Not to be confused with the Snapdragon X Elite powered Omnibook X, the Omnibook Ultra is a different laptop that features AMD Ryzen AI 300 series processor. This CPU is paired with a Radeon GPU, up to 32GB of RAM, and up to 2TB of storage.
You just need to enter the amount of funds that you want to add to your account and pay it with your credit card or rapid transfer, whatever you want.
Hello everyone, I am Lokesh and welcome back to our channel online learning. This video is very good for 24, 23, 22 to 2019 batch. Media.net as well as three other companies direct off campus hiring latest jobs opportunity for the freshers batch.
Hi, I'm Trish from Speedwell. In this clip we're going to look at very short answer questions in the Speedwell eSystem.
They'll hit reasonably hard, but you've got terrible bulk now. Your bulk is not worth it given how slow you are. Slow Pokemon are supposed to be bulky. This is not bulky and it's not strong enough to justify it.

━━━━━━━━━━

Task:
Please repeat each line above exactly.

Result for this task:
Not to be confused with the Snapdragon X Elite powered Omnibook X, the Omnibook Ultra is a different laptop that features AMD Ryzen AI 300 series processor. This CPU is paired with a Radeon GPU, up to 32GB of RAM, and up to 2TB of storage.
You just need to enter the amount of funds that you want to add to your account and pay it with your credit card or rapid transfer, whatever you want.
Hello everyone, I am Lokesh and welcome back to our channel online learning. This video is very good for 24, 23, 22 to 2019 batch. Media.net as well as three other companies direct off campus hiring latest jobs opportunity for the freshers batch.
Hi, I'm Trish from Speedwell. In this clip we're going to look at very short answer questions in the Speedwell eSystem.
They'll hit reasonably hard, but you've got terrible bulk now. Your bulk is not worth it given how slow you are. Slow Pokemon are supposed to be bulky. This is not bulky and it's not strong enough to justify it.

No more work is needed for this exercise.